2 octobre 2016 – Prochain Répar’café !

Réparer ensemble pour éviter de jeter, de gaspiller, de racheter…
C’est l’idée du …

Répar’Café

2014-11 Repar café Montreuil 1
Se retrouver dans la bonne humeur, autour d’un thé ou d’un café, pour apprendre à réparer – avec l’aide de réparateurs-bricoleurs bénévoles – nos objets abîmés ou en panne.
Petit électroménager, hifi, informatique, lampes, jouets, vêtements…
Gardez-les précieusement et amenez-les pour leur donner une seconde chance.

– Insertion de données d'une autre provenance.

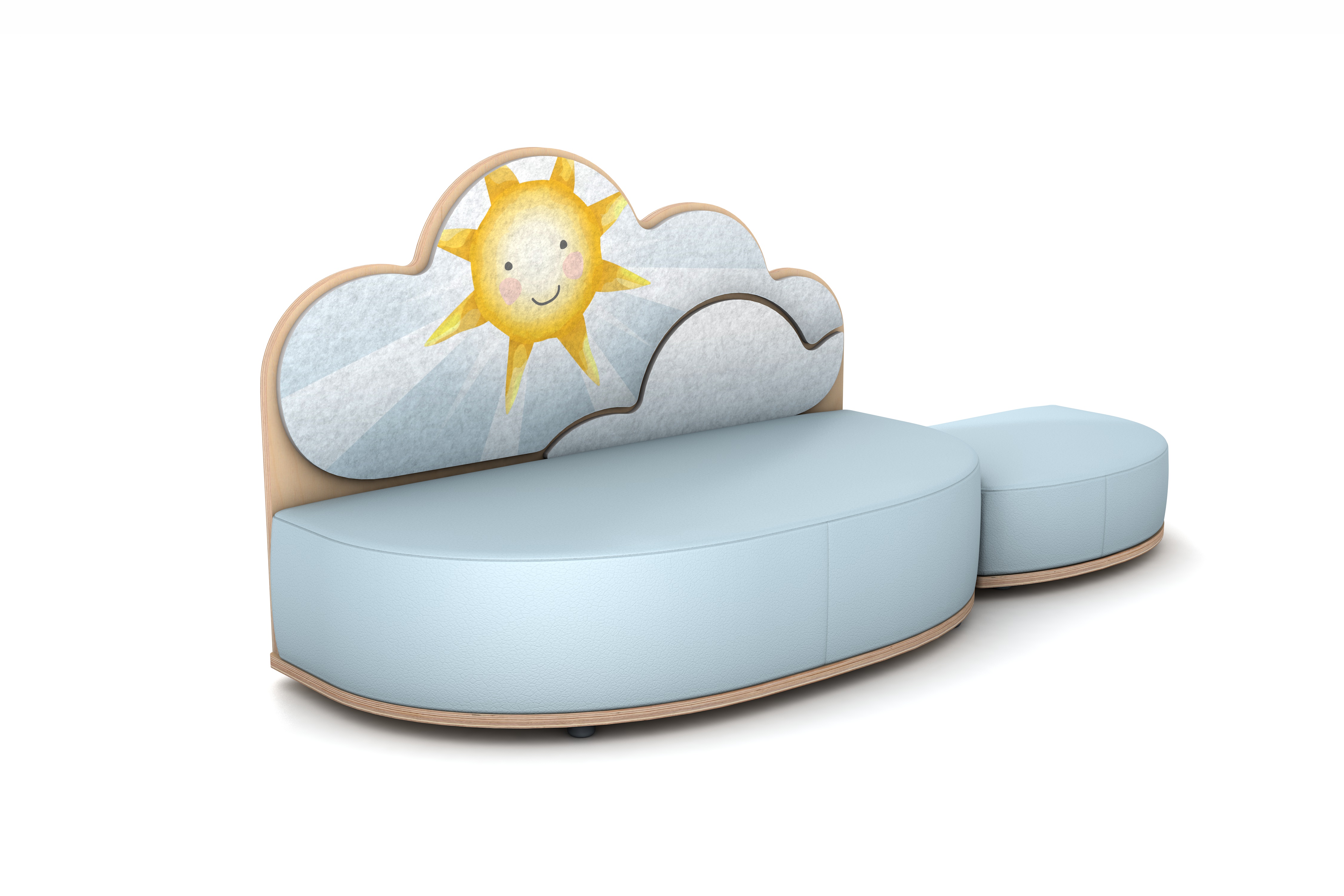 FantasiaAakustikaA Wolke Sonne Sofa mit Anstellhocker rechts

Déjà plus d’une année que nous organisons des Répar’cafés et toujours de nombreux réparations, sourires et rencontres.

Prochaine date :

Dimanche 2 octobre 2016
de 14h30 à 17h30

au LUPS – 14 rue Eugène VARLIN

à Montreuil

(Juste en face de la boulangerie)

Et si vous savez et aimez bricoler, coudre … si vous avez des connaissances en électricité, informatique ou autre… n’hésitez pas : venez partager vos compétences !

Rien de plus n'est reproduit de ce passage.